■ To do: Repeat verbatim, and only, the lines of the data below, beginning at the line that contains "RAD35 RADIATOR- W/ TOW PKG OEM auto part" and stopping after the line that contains "Lord of the Mysteries Chapter 16 Gambar 8".

■ Extracted entries:
________
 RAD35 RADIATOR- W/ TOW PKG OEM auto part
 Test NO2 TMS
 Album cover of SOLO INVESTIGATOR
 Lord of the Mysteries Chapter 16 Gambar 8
________
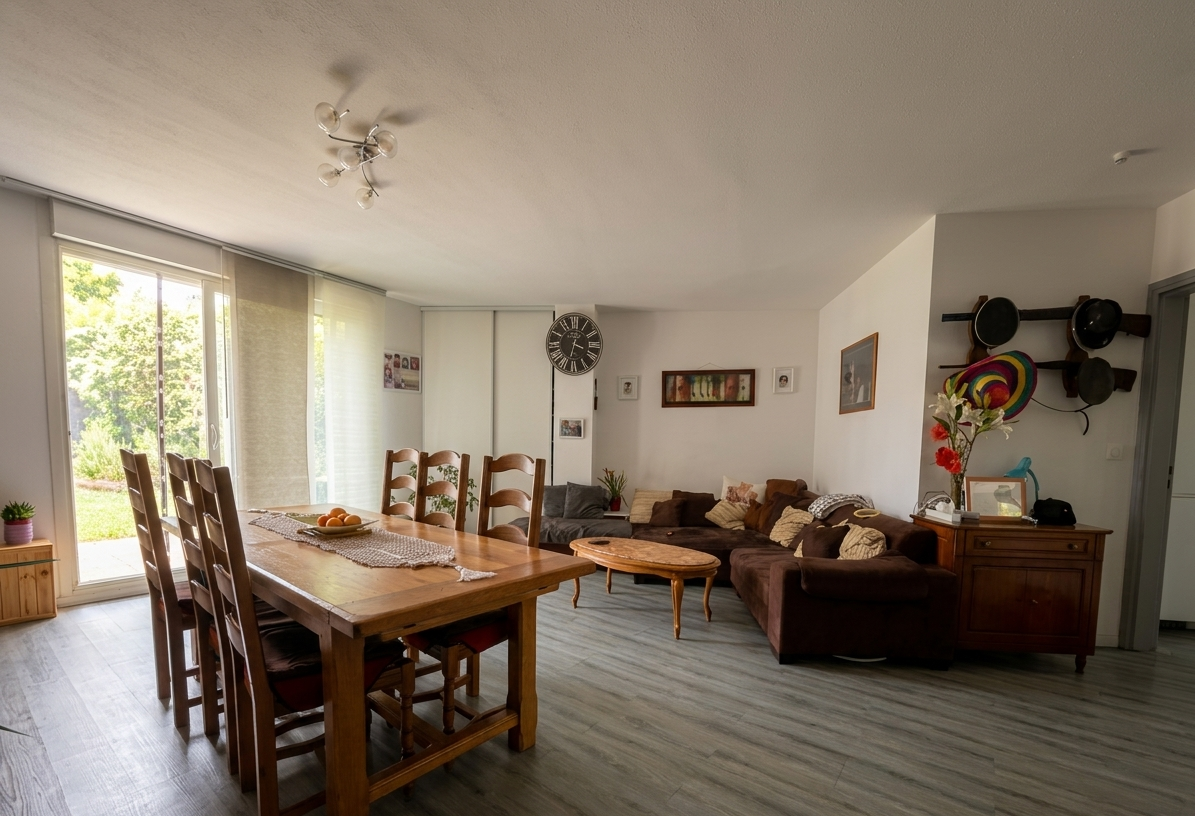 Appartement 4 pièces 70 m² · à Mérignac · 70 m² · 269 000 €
________
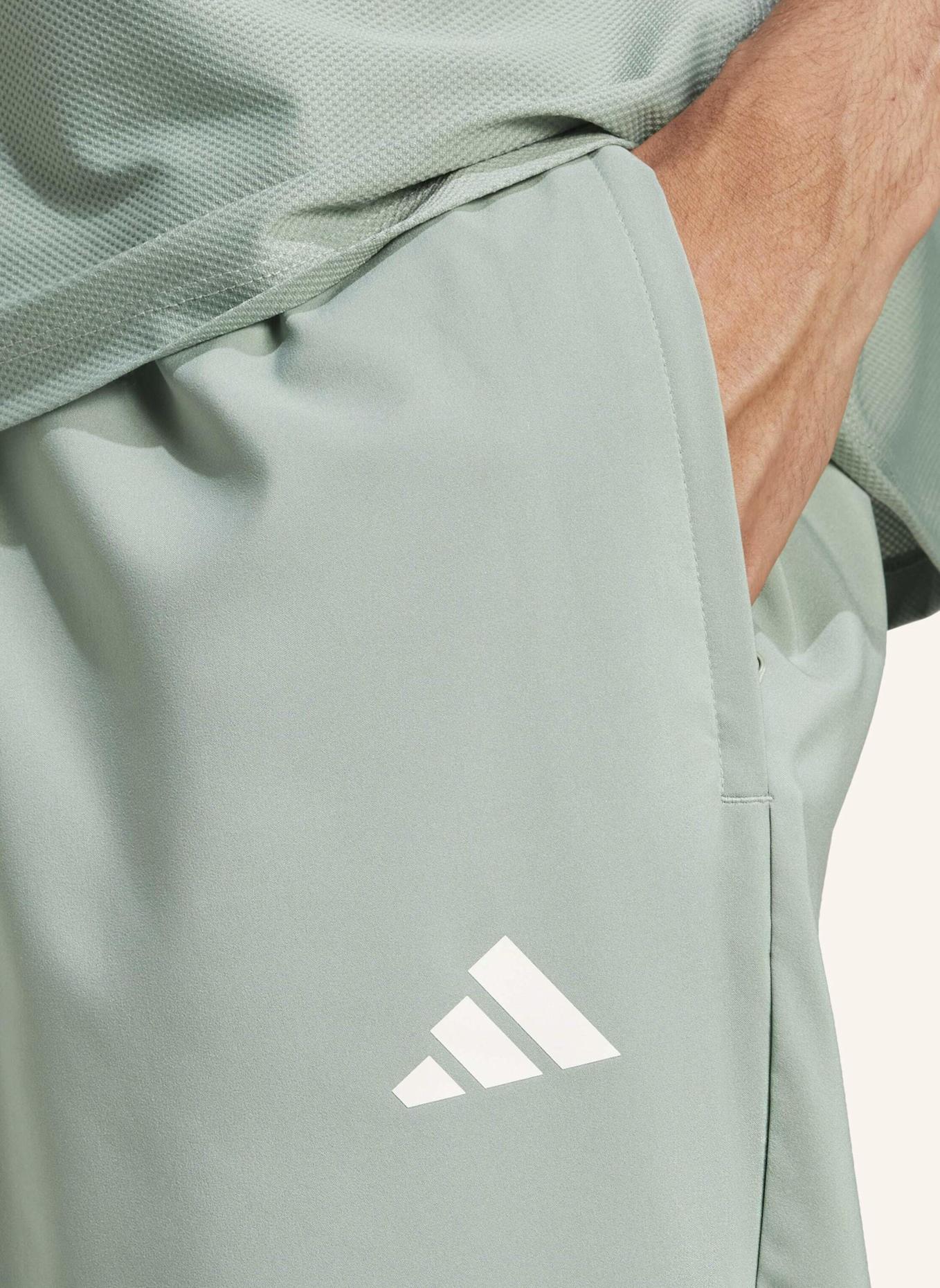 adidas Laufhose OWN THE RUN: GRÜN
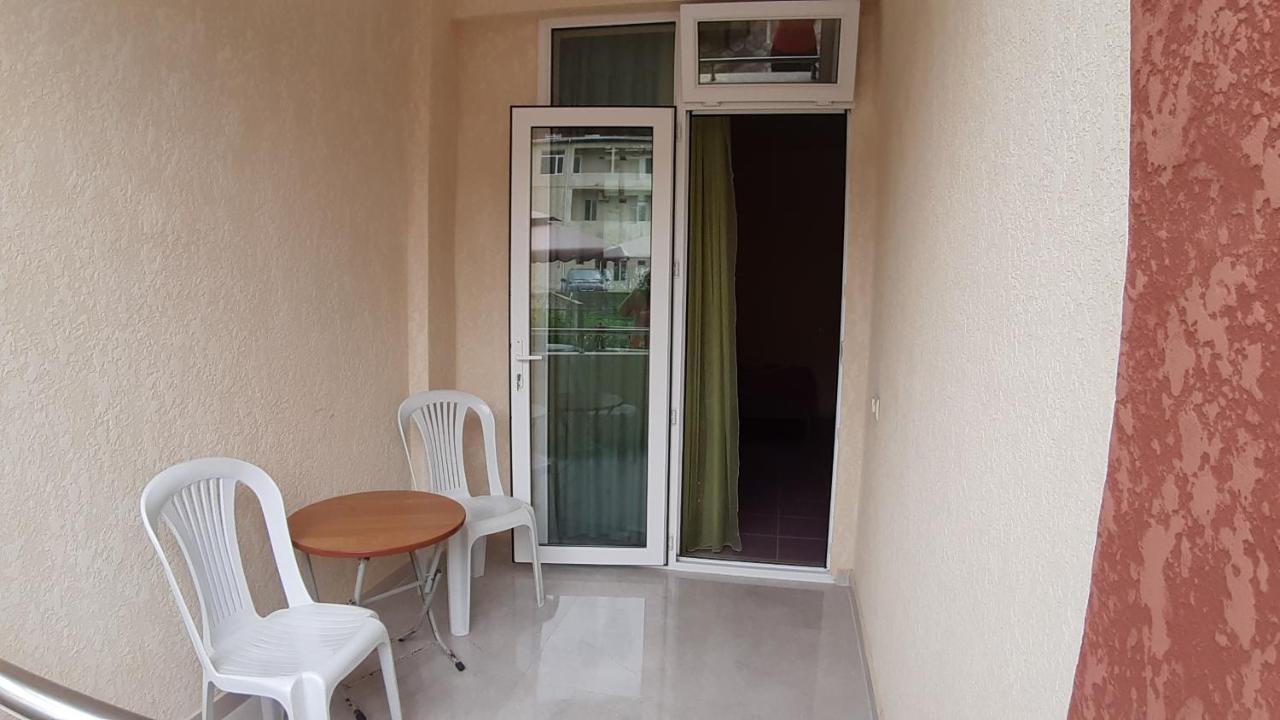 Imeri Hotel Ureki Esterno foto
________
■ Exercise result:
 RAD35 RADIATOR- W/ TOW PKG OEM auto part
 Test NO2 TMS
 Album cover of SOLO INVESTIGATOR
 Lord of the Mysteries Chapter 16 Gambar 8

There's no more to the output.